Она схватилась за его руку и потеряла сознание.
Глава 28. Валерия
Я допила коктейль.
Но гремучая смесь, что сейчас горела у меня в душе, была покруче любого алкоголя.
И сомнения, что терзали душу — мучительнее любого похмелья.
Видимо, меня недостаточно унизили, раз мне нужны ещё какие-то доказательства, — думала я. Чтобы меня не просто порвало на куски, но ещё и размазало тонким слоем.
Не знала, что выбор уйти или подняться в номер окажется таким сложным.
Не думала, что когда-то перед ним окажусь.
Душили злость и жалость к себе.
Хотелось вспомнить что-то мерзкое, просто чудовищно отвратительное про Наварского.

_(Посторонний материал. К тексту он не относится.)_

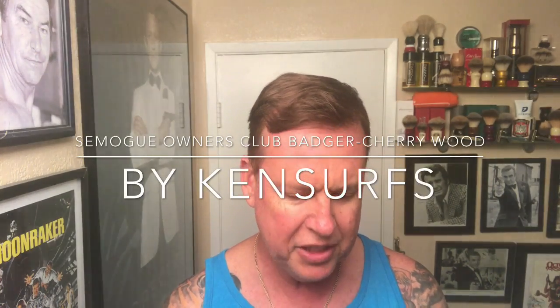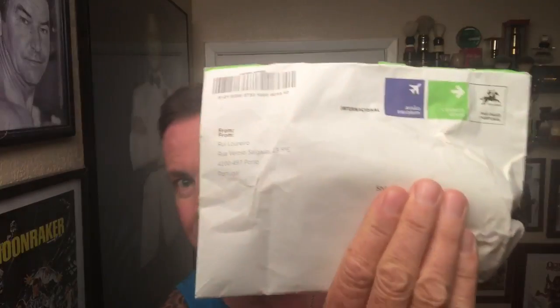Ken Serfs here with another shave video. I'm going to do an unboxing because as I mentioned, I got a nice package from Portugal. And in case you haven't guessed, it's another one of my addictions. I've been wanting one of these for a while and I worked a little overtime, so I figured I deserved to get myself something.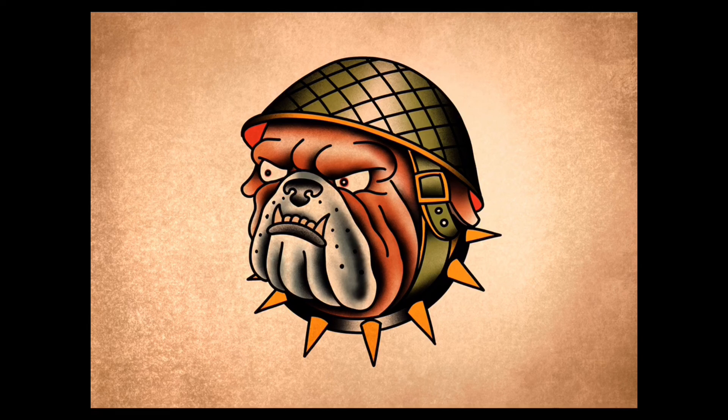And then we have it people — that is how you draw an old school bulldog. I hope you like it. Comment, like, subscribe, check out more videos. I'm The Broken Puppet and I'll see you next time. Peace.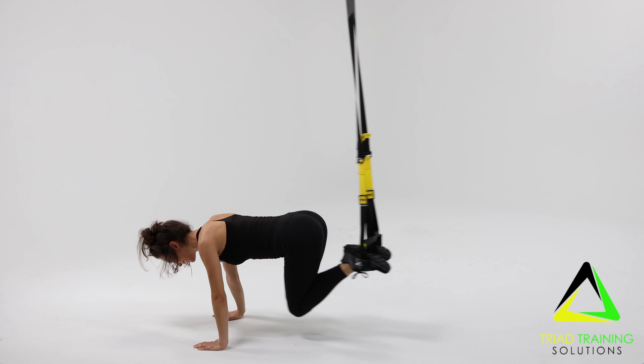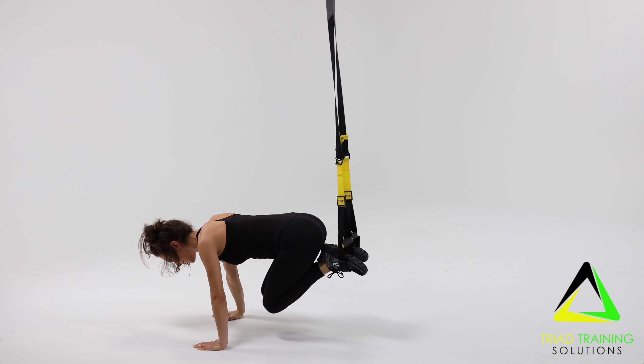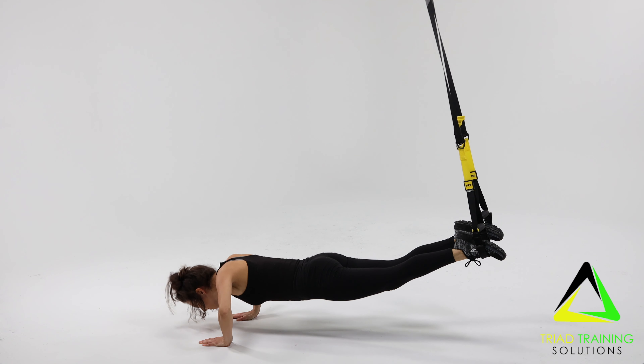Slowly return to the plank position, alternating between the two for the duration of the time. Repeat for the desired amount of reps and/or time.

Конечно, за девятнадцать лет было разное. Но, как назло, в голову ничего не лезло.
Как назло, плохое вспоминалось только о себе.
Однажды я ушла с фильма в кинотеатре, потому что фильм был ужасно скучным. Что вообще за удовольствие ходить по кинотеатрам? Переться за тридевять земель, сидеть, задрав голову до спазма в шее, слушать хруст попкорна и глохнуть от «звука вокруг», долбящего по ушам.
Я сказала мужу, что хочу в туалет, встала и ушла.
Он нашёл меня в одном из бутиков, там же в торговом центре, где находился кинотеатр, весь перепуганный, в красных пятнах.
— С тобой всё в порядке? — стоял он, тяжело дыша. — Я оббегал все туалеты, все пять этажей.